**What is needed:** Report the lines of the data below that contain the string "Circle".

**Material provided:**
▬▬▬▬▬▬▬▬▬▬

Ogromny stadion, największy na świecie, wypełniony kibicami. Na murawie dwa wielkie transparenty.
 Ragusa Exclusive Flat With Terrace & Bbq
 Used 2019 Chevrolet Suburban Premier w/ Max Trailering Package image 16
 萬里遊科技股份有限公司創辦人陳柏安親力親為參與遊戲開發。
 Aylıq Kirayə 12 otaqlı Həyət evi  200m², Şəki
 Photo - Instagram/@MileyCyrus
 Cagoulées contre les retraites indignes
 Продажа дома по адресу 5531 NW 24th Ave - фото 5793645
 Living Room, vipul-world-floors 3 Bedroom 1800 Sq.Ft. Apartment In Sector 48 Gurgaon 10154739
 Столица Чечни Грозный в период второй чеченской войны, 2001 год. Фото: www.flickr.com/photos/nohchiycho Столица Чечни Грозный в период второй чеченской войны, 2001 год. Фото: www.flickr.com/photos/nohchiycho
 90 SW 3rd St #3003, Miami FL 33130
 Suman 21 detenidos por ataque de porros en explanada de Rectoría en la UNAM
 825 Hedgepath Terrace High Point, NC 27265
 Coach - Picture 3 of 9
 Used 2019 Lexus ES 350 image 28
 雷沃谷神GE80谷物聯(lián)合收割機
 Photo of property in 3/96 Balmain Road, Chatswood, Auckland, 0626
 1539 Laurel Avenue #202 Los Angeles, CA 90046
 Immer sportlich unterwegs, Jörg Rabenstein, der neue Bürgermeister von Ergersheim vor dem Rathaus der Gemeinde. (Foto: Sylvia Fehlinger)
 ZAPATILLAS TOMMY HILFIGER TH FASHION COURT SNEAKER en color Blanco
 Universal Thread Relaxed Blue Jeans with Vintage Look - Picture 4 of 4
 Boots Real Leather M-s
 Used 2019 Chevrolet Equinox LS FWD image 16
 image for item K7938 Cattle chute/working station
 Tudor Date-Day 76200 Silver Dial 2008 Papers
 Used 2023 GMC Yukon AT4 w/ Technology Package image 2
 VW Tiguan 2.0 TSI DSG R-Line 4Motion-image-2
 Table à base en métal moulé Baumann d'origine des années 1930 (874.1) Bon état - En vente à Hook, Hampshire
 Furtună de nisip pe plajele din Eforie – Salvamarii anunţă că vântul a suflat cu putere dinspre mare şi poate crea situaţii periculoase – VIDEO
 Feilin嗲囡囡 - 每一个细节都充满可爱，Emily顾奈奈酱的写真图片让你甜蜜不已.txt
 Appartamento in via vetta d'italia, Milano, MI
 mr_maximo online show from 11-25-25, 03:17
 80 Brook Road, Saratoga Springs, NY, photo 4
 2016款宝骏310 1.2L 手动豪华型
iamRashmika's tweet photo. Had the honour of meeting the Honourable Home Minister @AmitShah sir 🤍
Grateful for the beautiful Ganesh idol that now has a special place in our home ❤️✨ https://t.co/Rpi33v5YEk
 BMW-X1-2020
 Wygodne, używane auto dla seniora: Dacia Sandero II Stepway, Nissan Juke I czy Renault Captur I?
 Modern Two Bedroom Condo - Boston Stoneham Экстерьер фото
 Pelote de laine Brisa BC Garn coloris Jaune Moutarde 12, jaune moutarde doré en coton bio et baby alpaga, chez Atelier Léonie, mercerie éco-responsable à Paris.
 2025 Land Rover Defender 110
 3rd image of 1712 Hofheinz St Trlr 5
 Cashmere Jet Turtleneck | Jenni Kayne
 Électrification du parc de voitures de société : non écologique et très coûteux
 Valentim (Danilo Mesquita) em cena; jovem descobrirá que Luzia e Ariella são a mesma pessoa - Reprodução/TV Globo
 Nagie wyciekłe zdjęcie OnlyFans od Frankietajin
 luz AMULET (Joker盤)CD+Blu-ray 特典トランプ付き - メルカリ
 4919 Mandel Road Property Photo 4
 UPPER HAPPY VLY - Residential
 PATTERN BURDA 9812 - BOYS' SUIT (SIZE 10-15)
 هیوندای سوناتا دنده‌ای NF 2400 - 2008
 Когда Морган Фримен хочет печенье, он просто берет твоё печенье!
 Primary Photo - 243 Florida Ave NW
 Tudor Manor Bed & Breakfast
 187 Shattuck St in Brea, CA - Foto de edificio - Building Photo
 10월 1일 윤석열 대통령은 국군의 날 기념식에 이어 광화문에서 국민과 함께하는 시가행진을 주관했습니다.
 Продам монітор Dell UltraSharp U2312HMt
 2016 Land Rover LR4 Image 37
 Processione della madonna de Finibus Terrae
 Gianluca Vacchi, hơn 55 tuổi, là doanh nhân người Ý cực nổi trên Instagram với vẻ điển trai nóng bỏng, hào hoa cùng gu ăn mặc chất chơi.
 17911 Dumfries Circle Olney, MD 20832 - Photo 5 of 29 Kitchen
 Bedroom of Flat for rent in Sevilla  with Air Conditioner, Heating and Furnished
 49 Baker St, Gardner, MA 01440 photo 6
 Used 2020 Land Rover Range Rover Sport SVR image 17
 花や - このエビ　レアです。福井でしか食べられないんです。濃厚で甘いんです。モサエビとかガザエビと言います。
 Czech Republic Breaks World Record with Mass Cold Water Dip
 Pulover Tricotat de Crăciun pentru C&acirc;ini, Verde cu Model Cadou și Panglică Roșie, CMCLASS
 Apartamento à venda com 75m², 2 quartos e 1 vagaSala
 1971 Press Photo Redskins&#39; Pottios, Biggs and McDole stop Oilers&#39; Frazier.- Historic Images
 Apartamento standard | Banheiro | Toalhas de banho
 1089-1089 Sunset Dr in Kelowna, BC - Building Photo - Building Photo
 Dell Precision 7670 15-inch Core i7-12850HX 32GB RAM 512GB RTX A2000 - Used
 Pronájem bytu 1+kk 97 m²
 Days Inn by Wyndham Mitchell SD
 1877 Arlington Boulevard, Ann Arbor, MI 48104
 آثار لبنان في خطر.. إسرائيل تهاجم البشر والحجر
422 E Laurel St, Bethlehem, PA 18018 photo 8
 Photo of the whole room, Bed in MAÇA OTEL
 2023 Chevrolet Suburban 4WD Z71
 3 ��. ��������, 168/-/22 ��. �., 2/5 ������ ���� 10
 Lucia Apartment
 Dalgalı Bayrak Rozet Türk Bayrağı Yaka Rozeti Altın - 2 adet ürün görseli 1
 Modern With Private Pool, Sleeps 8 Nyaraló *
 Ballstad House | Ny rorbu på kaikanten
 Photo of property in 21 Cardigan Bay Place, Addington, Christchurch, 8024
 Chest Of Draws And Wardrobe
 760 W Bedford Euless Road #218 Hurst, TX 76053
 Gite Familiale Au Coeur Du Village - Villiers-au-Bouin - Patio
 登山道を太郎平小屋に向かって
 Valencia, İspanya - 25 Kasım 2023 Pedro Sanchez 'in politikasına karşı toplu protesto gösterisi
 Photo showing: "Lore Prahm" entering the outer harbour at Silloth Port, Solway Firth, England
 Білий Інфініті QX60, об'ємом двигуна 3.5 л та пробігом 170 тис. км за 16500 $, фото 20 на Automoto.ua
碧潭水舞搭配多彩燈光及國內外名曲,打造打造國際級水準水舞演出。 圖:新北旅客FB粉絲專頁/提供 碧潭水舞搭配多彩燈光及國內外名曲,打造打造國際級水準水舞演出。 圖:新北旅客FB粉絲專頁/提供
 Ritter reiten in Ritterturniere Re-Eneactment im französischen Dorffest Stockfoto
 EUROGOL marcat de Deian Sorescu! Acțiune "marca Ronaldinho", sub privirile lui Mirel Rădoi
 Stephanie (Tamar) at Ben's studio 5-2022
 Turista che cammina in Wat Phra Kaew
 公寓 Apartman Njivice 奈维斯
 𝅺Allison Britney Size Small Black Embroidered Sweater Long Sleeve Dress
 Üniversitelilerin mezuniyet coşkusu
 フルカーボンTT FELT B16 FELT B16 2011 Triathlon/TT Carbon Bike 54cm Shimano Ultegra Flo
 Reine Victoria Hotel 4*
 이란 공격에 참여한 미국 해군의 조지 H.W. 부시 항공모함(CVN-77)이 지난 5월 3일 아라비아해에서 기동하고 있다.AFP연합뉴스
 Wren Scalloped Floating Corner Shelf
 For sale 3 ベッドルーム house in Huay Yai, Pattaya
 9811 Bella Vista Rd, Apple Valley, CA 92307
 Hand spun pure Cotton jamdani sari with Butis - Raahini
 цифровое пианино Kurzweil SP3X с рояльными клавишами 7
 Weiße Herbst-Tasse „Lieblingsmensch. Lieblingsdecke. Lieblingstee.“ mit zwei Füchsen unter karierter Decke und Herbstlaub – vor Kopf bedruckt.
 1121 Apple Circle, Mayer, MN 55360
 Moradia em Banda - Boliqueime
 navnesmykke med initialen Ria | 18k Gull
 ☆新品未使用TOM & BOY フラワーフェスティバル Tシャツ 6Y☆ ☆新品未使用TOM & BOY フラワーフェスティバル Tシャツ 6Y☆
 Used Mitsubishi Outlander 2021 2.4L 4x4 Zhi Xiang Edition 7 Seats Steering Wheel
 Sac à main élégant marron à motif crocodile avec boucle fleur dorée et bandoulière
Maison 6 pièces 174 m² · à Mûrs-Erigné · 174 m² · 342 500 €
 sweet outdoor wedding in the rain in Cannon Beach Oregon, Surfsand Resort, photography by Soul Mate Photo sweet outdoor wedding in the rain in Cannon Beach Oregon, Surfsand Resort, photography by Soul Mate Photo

▬▬▬▬▬▬▬▬▬▬

**Written answer:**
 17911 Dumfries Circle Olney, MD 20832 - Photo 5 of 29 Kitchen
 1121 Apple Circle, Mayer, MN 55360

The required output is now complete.